Beginning with the Archaic period (8000 B.C. - 1200 B.C.), changes in the climate and environment gradually took place, slowly approaching conditions similar to today. Virginia Indians continued to move from place to place in pursuit of natural resources, with population slowly rising. By the end of the Archaic period and continuing into the succeeding Woodland period, the remarkably rich estuarine environment of the Chesapeake Bay was becoming especially important for coastal Virginia Indians. It was during the Archaic period that archaeologists have found evidence of Indians first living at what was to later become Werowocomoco.

Very dramatic changes occur during the Woodland period which began in 1200 B.C. and continued to A.D. 1607. A more sedentary lifeway was made possible with the introduction of agriculture and such crops as maize, beans, and squash. With increasing sedentism also came rises in population and increasingly complex forms of social, political, and religious organization.

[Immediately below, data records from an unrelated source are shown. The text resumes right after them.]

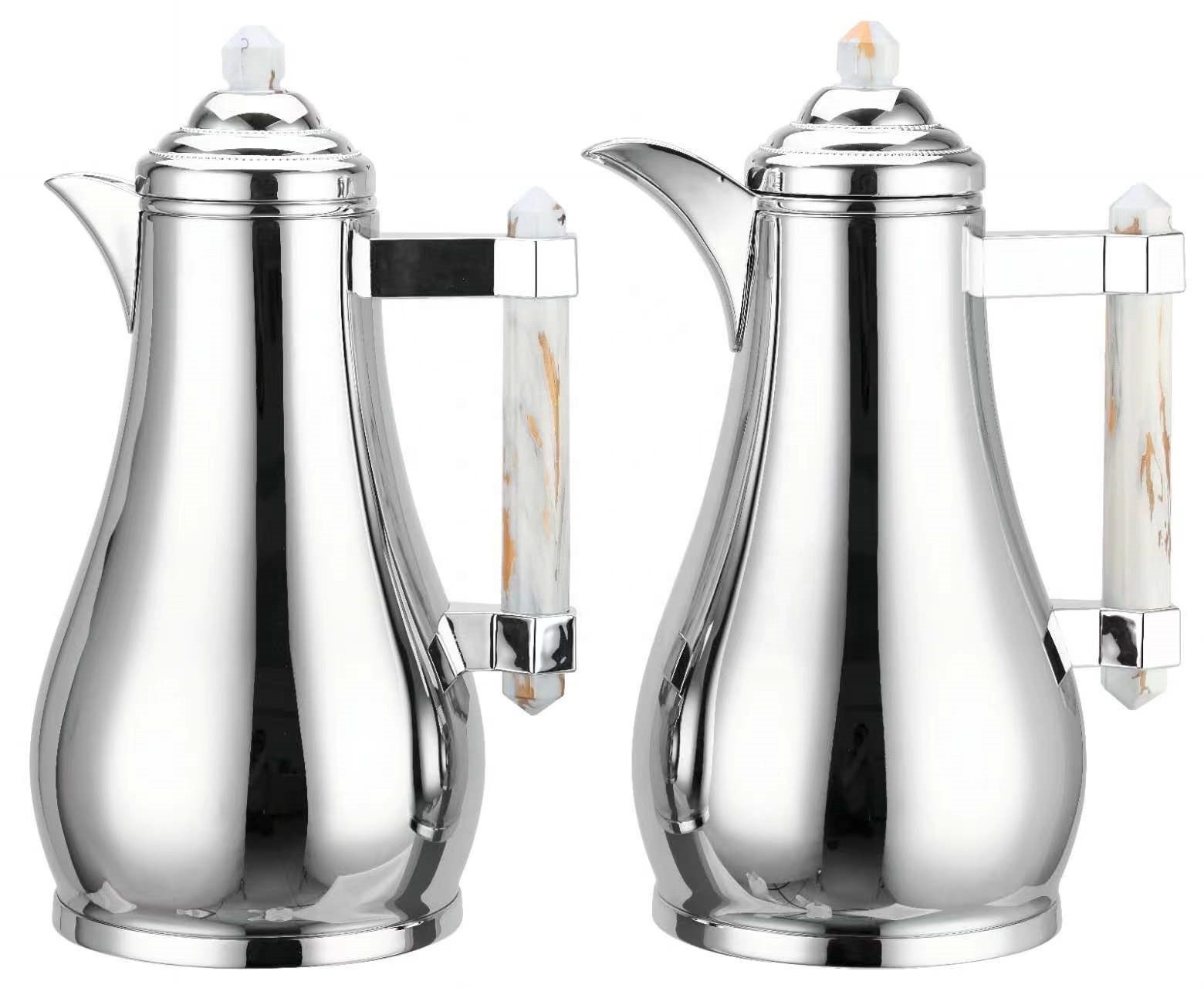 Flask Vacuum Thermos 1L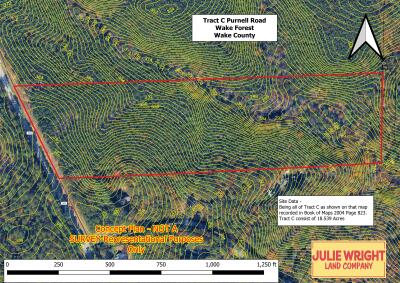 5828 Purnell Road - Tract C photo 2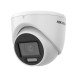 Camera Dome Smart Hybrid light 2MP 1080P Hikvision DS-2CE76D0T-EXLMF hồng ngoại 20m, đèn ánh sáng trắng 20m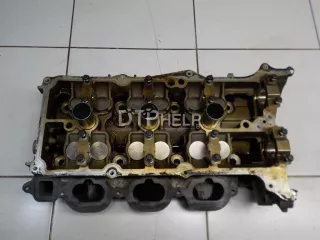 CA01101A0A Головка блока Mazda CX-9 1 Арт AM50771358, вид 1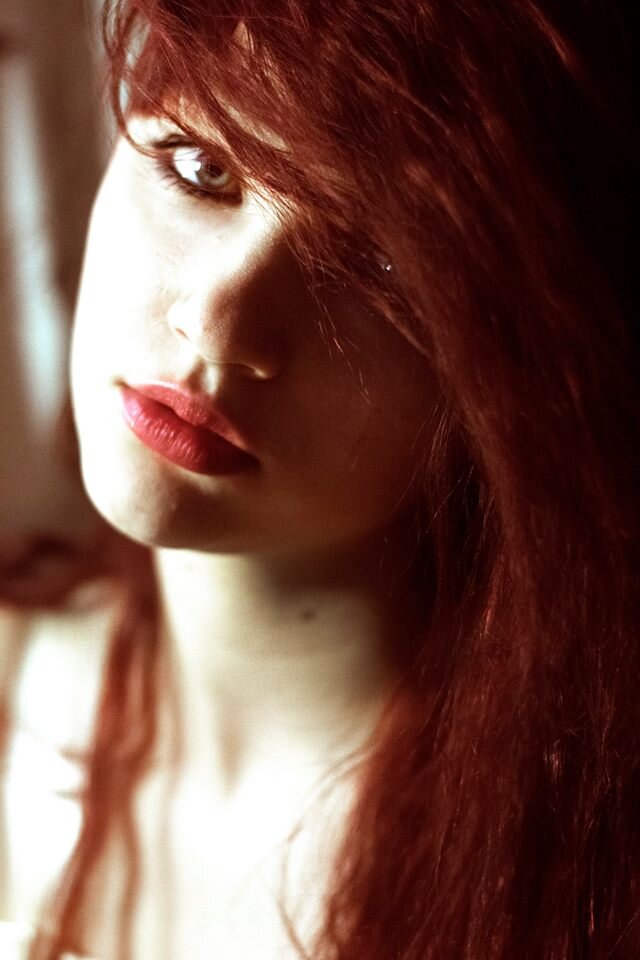 Dania Safronova's photo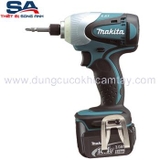 Máy bắt vít dùng pin Makita BTD130FRFE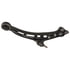 RK640192 by MOOG - Suspension Control Arm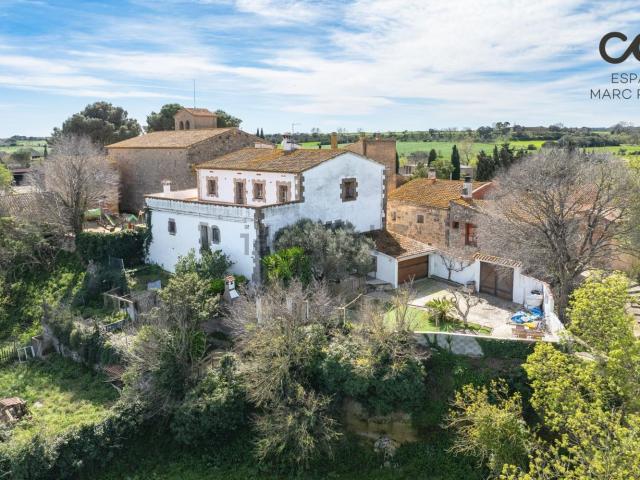 Casa rústica, Siurana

In coastal Virginia, we see the rise of the Powhatan chiefdom by the end of the Woodland period. This chiefdom represented one of the most complex Indian societies in eastern North America at that time, having a population of approximately 15,000 persons by A.D. 1607 and encompassing over 6,000 square miles. Its capital, and the principal residence of the paramount chief Powhatan, was at Werowocomoco on the York River in present-day Gloucester County (see Maps).